첫째, 본 발명은 외부와 단열이 가능한 대류 챔버를 이용하여 챔버 하단에 위치한 히터를 통해 가열된 고열의 공기 대류에 의해 웨이퍼 상부를 가열하고, 상기 웨이퍼는 특수하게 제작된 틀(Jig) 위에 고정시켜 웨이퍼 상부뿐만이 아니라 하부도 균일하게 가열함으로써, 감광막과 웨이퍼 표면간의 접착력을 증진시킴은 물론 감광막 자체의 내구력을 증진시킨다. First, the present invention heats the upper part of the wafer by a high temperature air convection heated by a heater located at the bottom of the chamber using a convection chamber that can insulate the outside, and the wafer is fixed on a specially manufactured jig By uniformly heating not only the upper part of the wafer but also the lower part, the adhesion between the photoresist film and the wafer surface is enhanced as well as the durability of the photoresist film itself.
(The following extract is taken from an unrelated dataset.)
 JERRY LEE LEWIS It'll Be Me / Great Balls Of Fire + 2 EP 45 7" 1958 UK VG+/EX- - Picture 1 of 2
둘째, 본 발명은 온도감지센서의 신호를 통해 베이킹 챔버 내의 온도를 제어하는 제어부에 의해 챔버 하단부에 설치된 히터를 실시간으로 제어함으로써, 챔버 내부의 공기 온도를 균일하게 유지하여 웨이퍼 상에 도포된 감광막을 균일하게 경화시켜 자기박막센서의 제조 수율을 향상시킨다. Second, the present invention is to control the heater installed in the lower end of the chamber in real time by a control unit for controlling the temperature in the baking chamber through the signal of the temperature sensor, thereby maintaining a uniform air temperature in the chamber to the photosensitive film applied on the wafer By uniformly curing to improve the production yield of the magnetic thin film sensor.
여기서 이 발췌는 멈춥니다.